Tot op de dag van vandaag wordt gediscussieerd over de vraag of de succesvolle strijd voor de Algerijnse onafhankelijkheid revolutionair van aard was of niet. Maar wat is een revolutie anders dan een snelle verandering, die de grondslagen van een staat en een samenleving - bijvoorbeeld eigendomsrechten, productiewijzen, sociale of economische verhoudingen - ingrijpend wijzigt? Gezien vanuit het jaar 1962 bestaat er geen enkele twijfel dat de Algerijnse onafhankelijkheid een revolutie is.
17 oktober 1961. De massamoord op Algerijnen, een verdoezeld staatsmisdrijf
Malika Rahal. Ik heb in elk geval een hoop plezier beleefd aan het schrijven van het boek. Het gaat over tragische en pijnlijke gebeurtenissen maar ook over enthousiasme.
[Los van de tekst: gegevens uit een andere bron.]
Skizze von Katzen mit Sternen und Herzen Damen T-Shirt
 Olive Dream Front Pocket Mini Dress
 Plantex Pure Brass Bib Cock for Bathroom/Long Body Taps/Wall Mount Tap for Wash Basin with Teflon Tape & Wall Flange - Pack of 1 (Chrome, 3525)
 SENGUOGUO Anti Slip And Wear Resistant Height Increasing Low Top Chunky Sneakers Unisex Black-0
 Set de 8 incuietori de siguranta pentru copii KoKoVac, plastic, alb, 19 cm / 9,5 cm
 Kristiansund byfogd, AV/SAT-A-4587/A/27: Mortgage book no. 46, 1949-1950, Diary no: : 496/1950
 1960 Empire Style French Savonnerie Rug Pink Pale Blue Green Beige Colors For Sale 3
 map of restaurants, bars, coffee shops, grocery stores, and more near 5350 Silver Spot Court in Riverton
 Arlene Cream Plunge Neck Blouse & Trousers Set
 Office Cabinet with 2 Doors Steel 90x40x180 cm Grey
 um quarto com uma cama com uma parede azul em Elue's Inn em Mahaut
Er is een hoofdstuk over hoe de mensen gedichten schreven of liederen zongen over het moment van de onafhankelijkheid, over de oude hoop uit de tijd van de bezetting van het land, families die zeiden "eens zal deze situatie omslaan, eens zal deze wereld omslaan", hoop die met de onafhankelijkheid vervuld werd.
In 1962 kwam de ommekeer die veel mensen die alles hadden verloren zich hadden voorgesteld, waarover ze hadden gezongen. Op een dag vertelde een historica die deze gebeurtenissen had meegemaakt dat ze een beetje medelijden had met mijn generatie, omdat wij de Onafhankelijkheid niet hadden meegemaakt. Ze voegde eraan toe: "Als je één keer in je leven zo'n gebeurtenis hebt meegemaakt, kun je alles aan."